The past few weeks have seen stormy weather across Wales and one important lesson we have learned is that the Welsh Government cannot continue to pass the buck to councils when it comes to sea and flood defences.

From the flooding across our communities to pollution, climate and ecological breakdown are affecting us all.

Storm Arwen and Storm Barra have wreaked havoc along the northern coastline, with the impacted communities feeling forgotten about by Westminster and Cardiff Bay.


Wind gusts of 81mph (130km/h) were recorded last Saturday, leaving 30,000 people without power at one point in Wales. For most people, the north was only mentioned because of the cancellations of episodes of “I’m a Celebrity... Get Me Out of Here”, which is once again taking place at Gwrych Castle in Conwy County. What people do not realise is that along the Conwy coast there was a wide range of irreparable damage.

In my local town of Llanfairfechan, our coastal path has finally broken. On October 6th, there were a number of gaping cracks in the seawall and coastal path. Residents were understandably worried, and the council started to make some noise to try and look into the issue.

On November 30th, it was decided that urgent repair work would be carried out by the council at the Llanfairfechan coastal path, costing Conwy Council £275K. While Conwy is not responsible for the area of the coastal path, the public right of way was badly cracked and damaged in a storm on October 5th, causing a breach in the sea wall.

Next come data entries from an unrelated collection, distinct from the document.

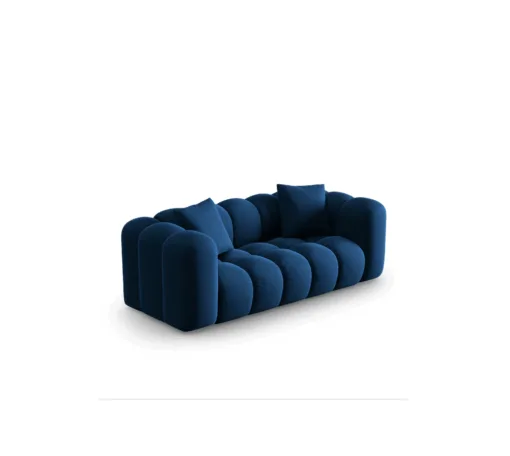SOFA Halley 2-osobowa aksamitna, eleganckie przeszycia, zaoblone kształty, designerski styl, granat królewski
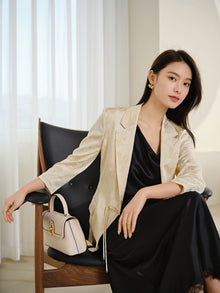 Silk Blazer | Beige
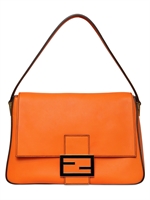 FENDI - BIG MAMMA LEATHER SHOULDER BAG - ORANGE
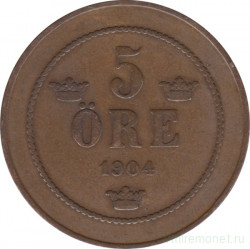 Монета. Швеция. 5 эре 1904 год.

The owner of this part of the path near West Shore Road is unknown, and the land is unregistered, meaning it’s difficult to recover the costs. The council opted rightly to carry out the repairs and council officers would try to trace the landowners and attempt to recover the cost. It was acknowledged that if the work was not carried out, the size of the breach will worsen, increasing the cost of the repair work and threatening the Holyhead railway line and the A55.

Just under 2 months later, the arrival of Storm Barra and the slow departure of Storm Arwen caused the coastal flood defences to collapse. The weakened sea defences have crumbled and parts of the promenade have been closed off,before the council could even start to do any work. Most people feel that the council took too long to take action. Conwy Council are seeking funding from the Welsh Government to improve the coastal flood defences around the county coastline to face the challenge of climate change and future sea level rise.

There lies a major issue. With our county councils underfunded by a Welsh Government who refuse to devolve basic necessary powers to local government, how do we put power in the hands of local communities?

How can the Welsh Government, who are supposedly leading the fight on climate change policy, not give local councils the money to protect people from natural disasters? County councils are one step closer to our local communities, and beyond the south there is a view that funding will only be used closer to Cardiff.

It is a shame the Welsh Government are willing to turn a blind eye on funding flood and coastal defences while carrying on with vanity projects. This is leading to people losing faith in our councils and our Senedd, which I can understand.

Climate change is a postcode lottery, with some areas bearing the brunt of the elements. Time is running out to rebuild our flood and coastal defences as well as community trust.